I first read about the concept of fluctuating morality while studying industrial psychology at University. It was explained that human beliefs, once ingrained in a childhood, are difficult to change individually. However morality and generally accepted ideas of what is right and wrong do tend to fluctuate with the times as new ideas and concepts are adopted. This is why older people are often considered more behind the times or more conservative as they continue to cling to the beliefs and values that they learnt as children. Great examples of fluctuating moral standards include slavery. 150 years ago this concept was widely condoned and accepted while the very idea is considered abhorrent today. Consider female suffrage, 100 years ago women were starving and dying for their right to vote while for most girls in Western society at least, their entitled expectation of this right is very rarely even questioned. Which brings us to the topic of the National Geographic magazine... First founded in 1888 the magazine has been a primary source of information on culture and the wonders of the world for over 100 years, inspiring hundreds and thousands of young people’s desires to travel and explore.

Stephen Fry commends National Geographic for much of his understanding of the world and cultures in his third autobiography (and most self-indulgent to date), More Fool Me, and adds that much of his childhood understanding of human bodies was also learnt from the magazine which was renowned for featuring cultural images of near naked bodies.  He also references the impact of the magazine on children in his novel the Liar:

“Yet inside he remained the same Adrian who.. smelt his own farts and wasted hours skimming through National Geographic on the off-chance of seeing a few naked bodies.”
― Stephen FryThe Liar

 

Taking over as editor of National Geographic in 2014 Susan Goldberg came across past National Geographic coverage which her modern beliefs considered appalling.  As the first woman and first Jewish editor, a member of two groups that have faced discrimination from the Magazine in the past Susan said that it hurt to share some of the morally outdated stories from the magazine’s past.

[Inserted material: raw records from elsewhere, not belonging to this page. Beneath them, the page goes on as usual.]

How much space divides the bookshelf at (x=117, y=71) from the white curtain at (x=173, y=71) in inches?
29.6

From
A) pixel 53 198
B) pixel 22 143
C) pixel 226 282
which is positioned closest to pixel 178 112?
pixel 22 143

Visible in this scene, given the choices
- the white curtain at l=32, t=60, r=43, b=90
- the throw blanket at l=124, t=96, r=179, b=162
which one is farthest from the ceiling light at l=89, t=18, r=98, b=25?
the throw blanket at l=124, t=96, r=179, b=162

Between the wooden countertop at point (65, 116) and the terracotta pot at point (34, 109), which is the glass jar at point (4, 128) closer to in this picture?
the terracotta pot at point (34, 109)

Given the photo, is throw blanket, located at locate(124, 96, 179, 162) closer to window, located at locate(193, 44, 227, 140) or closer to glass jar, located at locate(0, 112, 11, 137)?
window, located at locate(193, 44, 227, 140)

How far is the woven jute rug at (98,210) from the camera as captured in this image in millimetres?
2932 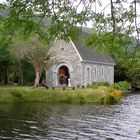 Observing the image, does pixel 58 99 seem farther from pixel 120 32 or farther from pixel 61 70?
pixel 120 32

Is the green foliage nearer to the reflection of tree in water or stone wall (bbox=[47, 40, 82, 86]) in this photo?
the reflection of tree in water

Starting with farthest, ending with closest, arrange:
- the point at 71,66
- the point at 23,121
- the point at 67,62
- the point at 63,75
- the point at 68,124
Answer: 1. the point at 63,75
2. the point at 67,62
3. the point at 71,66
4. the point at 23,121
5. the point at 68,124

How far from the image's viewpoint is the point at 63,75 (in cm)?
6191

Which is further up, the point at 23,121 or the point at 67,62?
the point at 67,62

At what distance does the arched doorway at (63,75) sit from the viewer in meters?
61.4

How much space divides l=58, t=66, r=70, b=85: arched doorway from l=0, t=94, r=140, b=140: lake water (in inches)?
1055

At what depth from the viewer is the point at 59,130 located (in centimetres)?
2231

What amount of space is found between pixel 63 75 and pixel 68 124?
37134mm

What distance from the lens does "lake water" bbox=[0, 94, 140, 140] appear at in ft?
67.8

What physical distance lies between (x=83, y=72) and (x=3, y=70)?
12.0 metres

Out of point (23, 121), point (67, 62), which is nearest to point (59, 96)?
point (23, 121)

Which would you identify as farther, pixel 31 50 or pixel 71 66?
pixel 71 66

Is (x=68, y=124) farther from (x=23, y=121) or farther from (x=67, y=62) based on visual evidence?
(x=67, y=62)

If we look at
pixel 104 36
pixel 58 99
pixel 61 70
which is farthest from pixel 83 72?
pixel 104 36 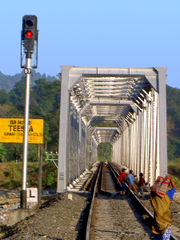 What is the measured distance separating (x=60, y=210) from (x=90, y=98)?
18471 millimetres

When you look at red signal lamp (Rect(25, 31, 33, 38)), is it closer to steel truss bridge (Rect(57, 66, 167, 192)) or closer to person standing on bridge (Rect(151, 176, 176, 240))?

“We thought we should devote our April magazine to the topic of race and examine our history before turning our reportorial gaze to others.  Many people tell us that National Geographic was their first experience with the world beyond their own community.  We take seriously our responsibility to present an accurate and authentic picture of the world.  We know we have not always excelled when covering stories of racial difference.”

 

Horrifyingly there is no scientific basis for race and yet its perceived divisions have had such devastating effects historically.  “Race is not a biological construct.  So Many of the horrors of the past few centuries can be traced to the idea that one race is inferior to another.  Racial distinctions continue to shape our politics, our neighbourhoods and our sense of self,” says writer Elizabeth Kolbert.

 

Some of the stories in the much anticipated edition of the Magazine includes a feature on a pair of 11 year old twins, Marcia and Millie Biggs who will make you reconsider everything you thought you knew of race.  Marcia looks like her English mother while Millie looks like her father who is of Jamacian decent.

Other stories include a piece on the dawn of the white minority in the USA, an article on the science of race and an examination of interacial relationships 50 years after the US Supreme Court legalised these in the case of Loving vs Virginia.